DATA EXCERPTS Block Start
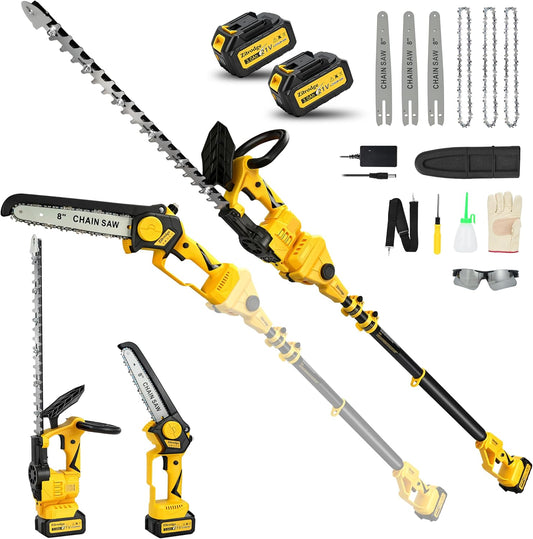 8" Pole Saw Cordless + 20" Pole Hedge Trimmer 4-in-1, Electric Mini Chainsaw/Hedge Trimmer with Extension Pole, 15Ft Max Reach for Tree Trimming and Shrubs Pruning, 2×3.0Ah Battery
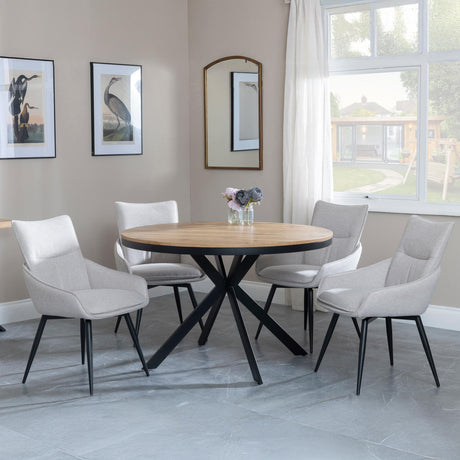 Bronx Industrial Oak Effect 4 Seater Round Dining Set with Spider Legs - 4 Ace Beige Fabric Swivel Dining Chair-2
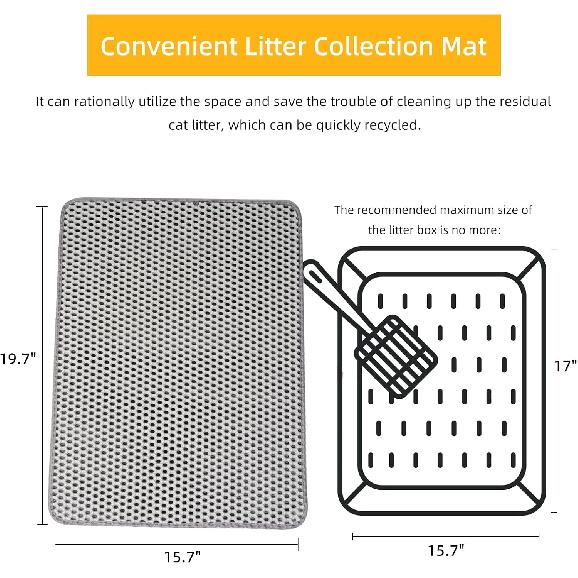 Cat Litter Mat, Honeycomb Cat Litter Mat, Double Layer Waterproof Cat Litter Mat Litter Trapping Mat, Prevents Cat Litter Scattering, Easy to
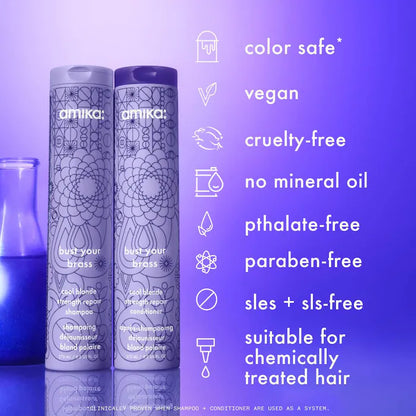 amika  Bust Your Brass Cool Blonde Strength Repair Shampoo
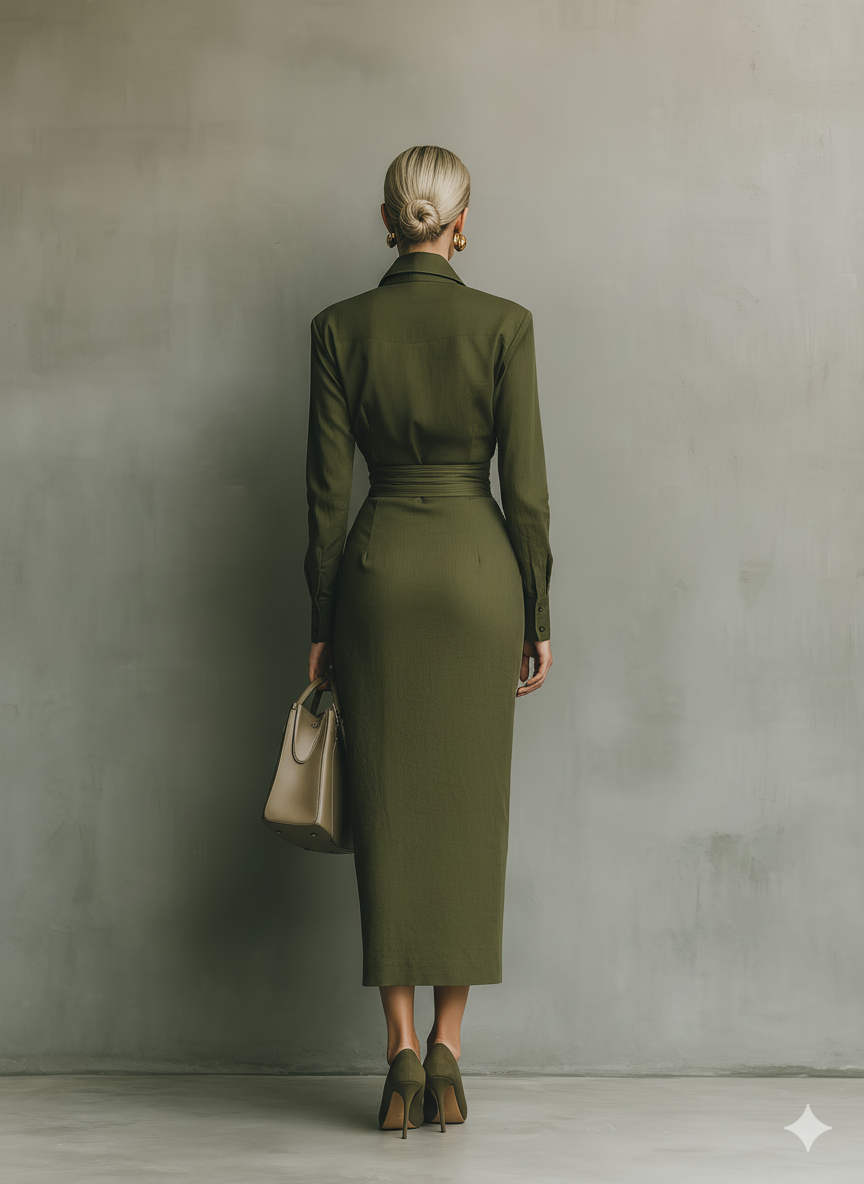 Abito a portafoglio satinato con cintura – Verde elegante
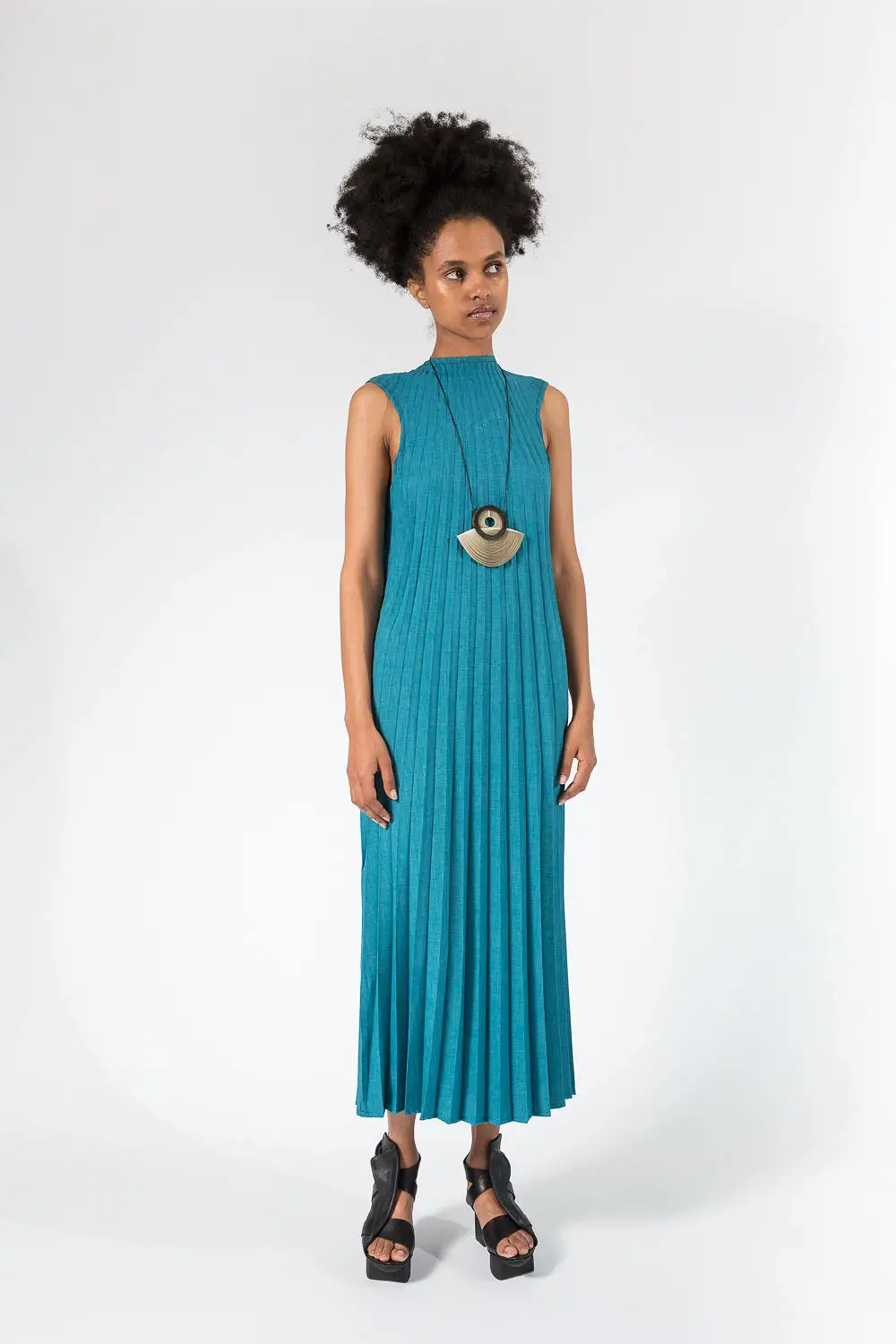 Reversible Racerback Maxi Sunburst Dress | Teal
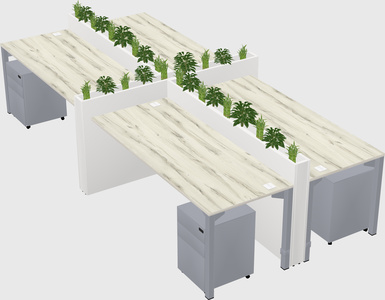 Rectangular shared desk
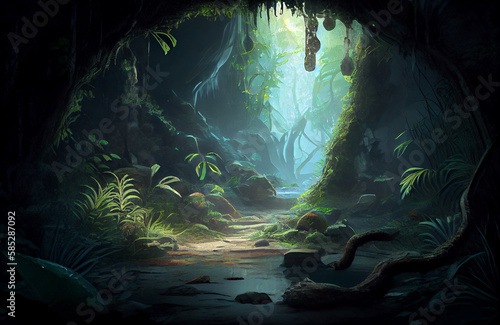 Magical cave with natural plants, ray of light in the middle of the darkness, dark yet beautiful scenery of nature in the depth of earth, where the magic of the forest underworld is coming to life AI  © Musashi_Collection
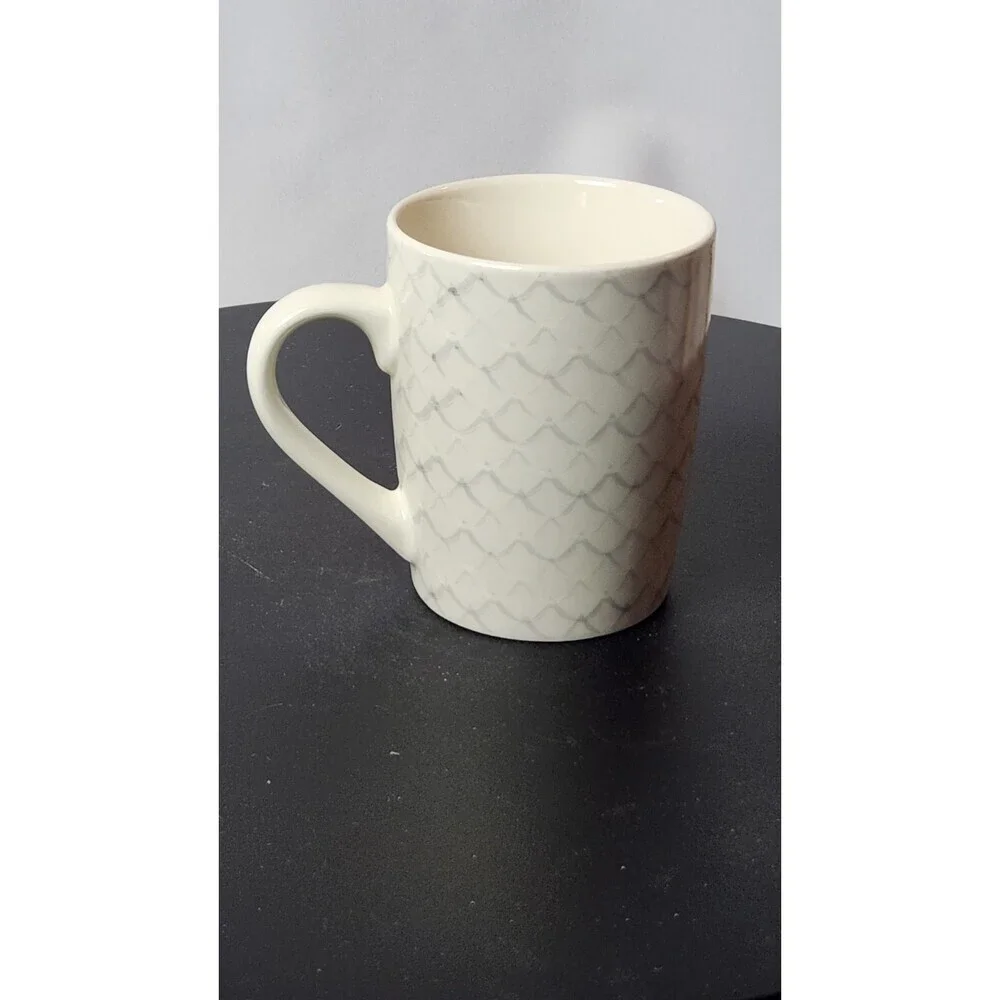 Starbucks 2021 Silver Mermaid Scales Ceramic Coffee Mug 10 oz Tea Cup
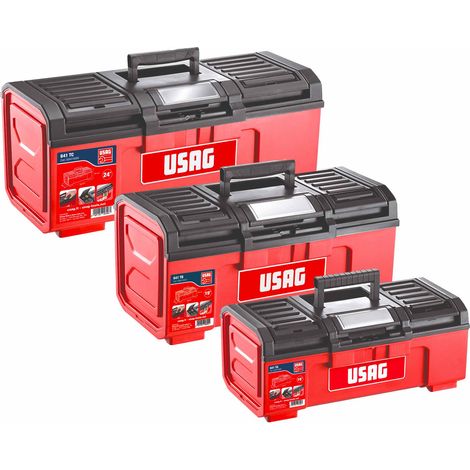 Usag – Mallette à outils 641 T – Structure en aluminium renforcé – Double charnière métallique verrou – Organisation interne avec panneaux porte-outils (1/4)
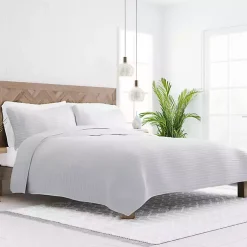Kirklands Home Stitched Stripes 2-pc. Twin Quilt Set Gray Sale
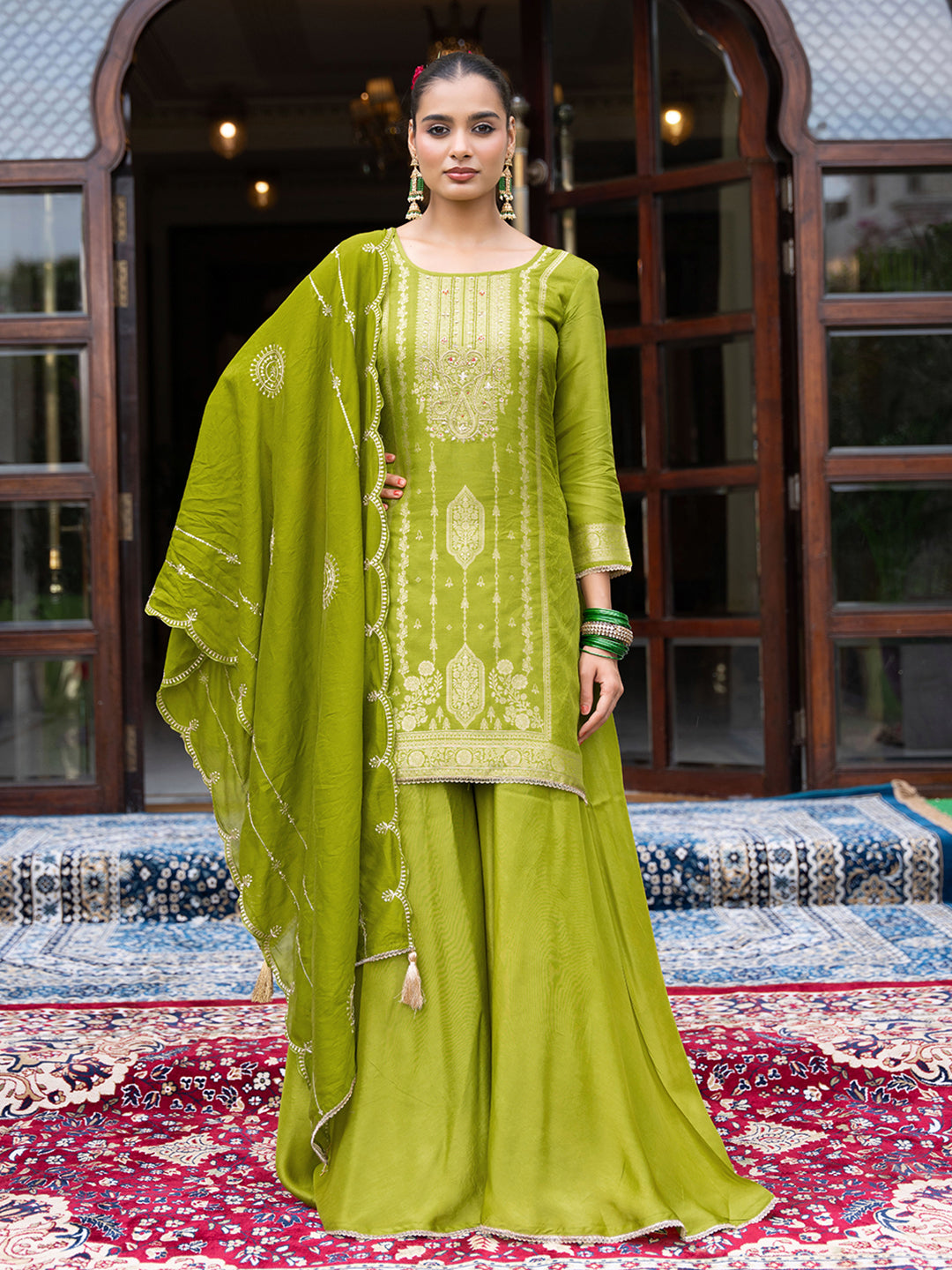 Green Jacquard Kurta Set with Dupatta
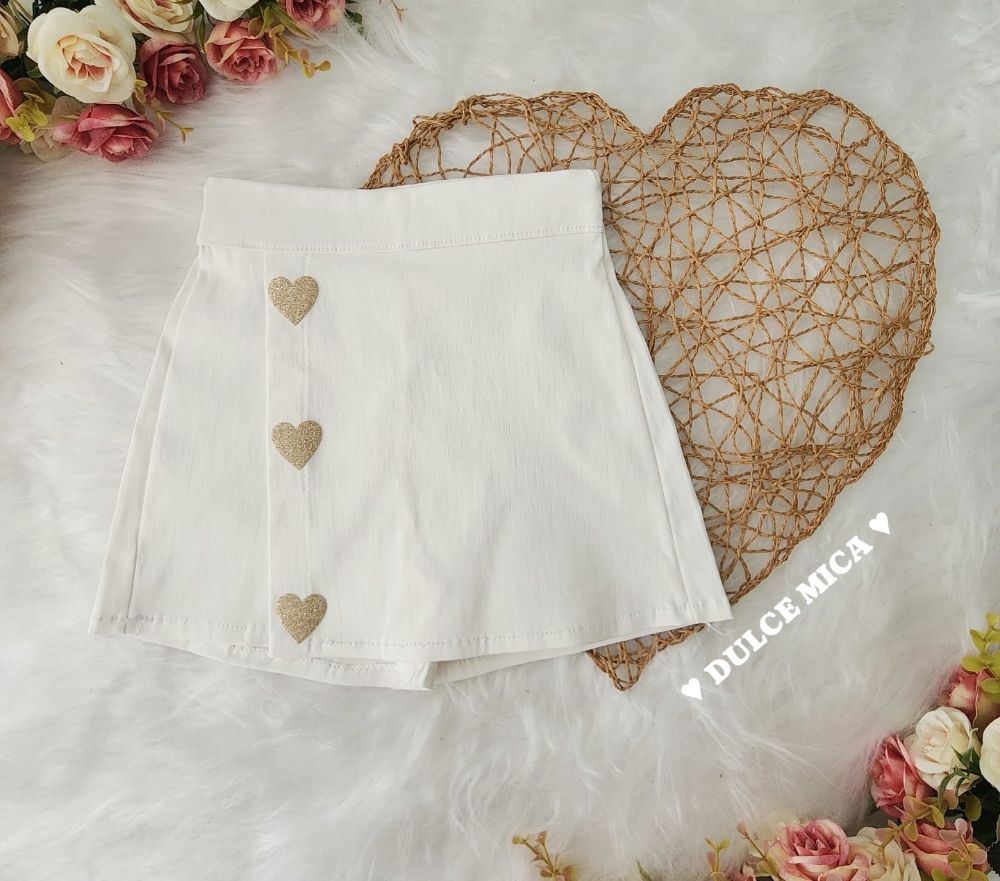 Falda Short Bengalina Elastizado Corazón - Imagen 2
DATA EXCERPTS Block End
TASK STATEMENT ->
Only the lines from the one containing "Magical cave with" through the last line of the data above, both included, belong in the reply, each restated exactly and without pictures.

THE COMPLETED TASK ->
 Magical cave with natural plants, ray of light in the middle of the darkness, dark yet beautiful scenery of nature in the depth of earth, where the magic of the forest underworld is coming to life AI  © Musashi_Collection
 Starbucks 2021 Silver Mermaid Scales Ceramic Coffee Mug 10 oz Tea Cup
 Usag – Mallette à outils 641 T – Structure en aluminium renforcé – Double charnière métallique verrou – Organisation interne avec panneaux porte-outils (1/4)
Kirklands Home Stitched Stripes 2-pc. Twin Quilt Set Gray Sale
 Green Jacquard Kurta Set with Dupatta
 Falda Short Bengalina Elastizado Corazón - Imagen 2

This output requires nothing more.